# How to complete this task
In the records below, find the line containing "Purehealth ReGrow" and repeat it and every line after it exactly, without pictures.

_ _ _

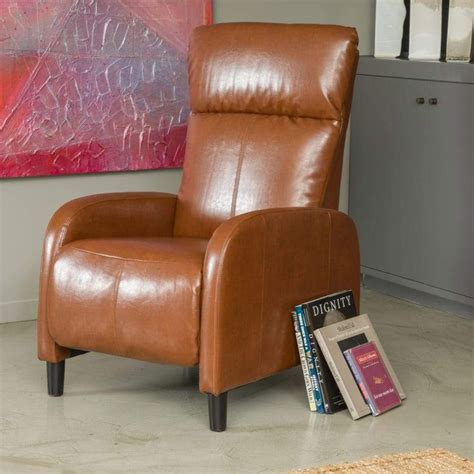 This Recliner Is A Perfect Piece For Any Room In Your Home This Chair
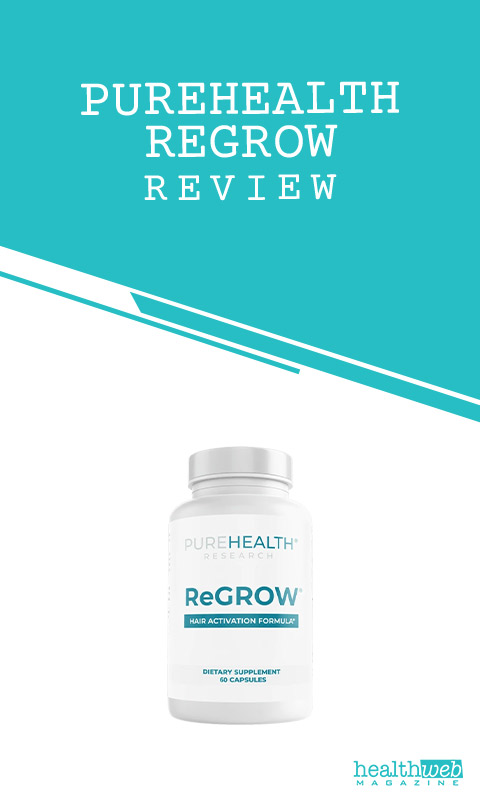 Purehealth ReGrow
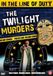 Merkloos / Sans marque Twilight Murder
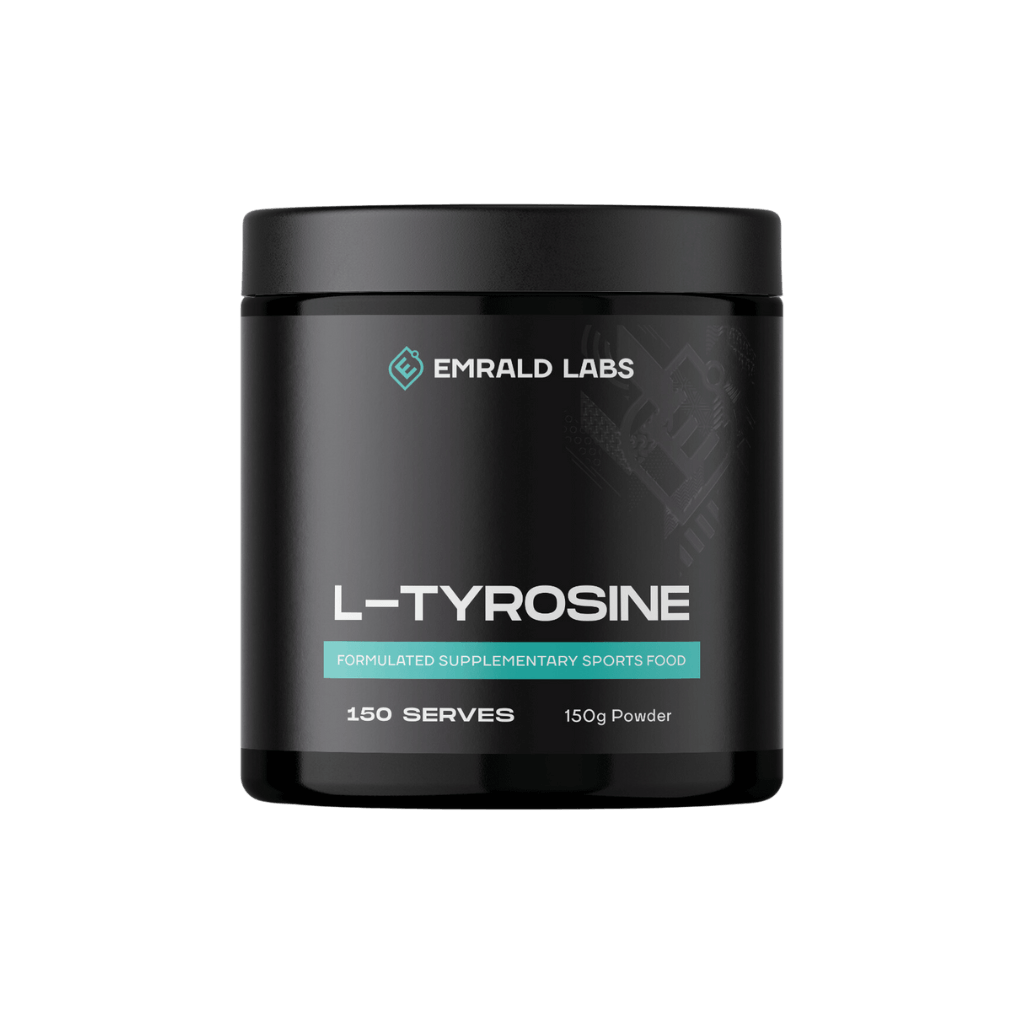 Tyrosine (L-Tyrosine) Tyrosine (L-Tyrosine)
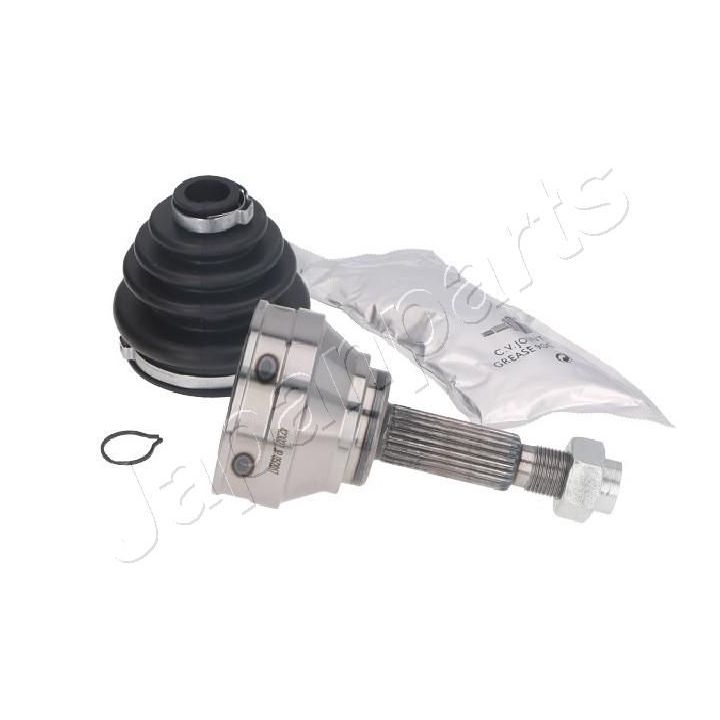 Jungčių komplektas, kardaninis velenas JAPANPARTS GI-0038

_ _ _

# Exercise response
 Purehealth ReGrow
 Merkloos / Sans marque Twilight Murder
 Tyrosine (L-Tyrosine) Tyrosine (L-Tyrosine)
 Jungčių komplektas, kardaninis velenas JAPANPARTS GI-0038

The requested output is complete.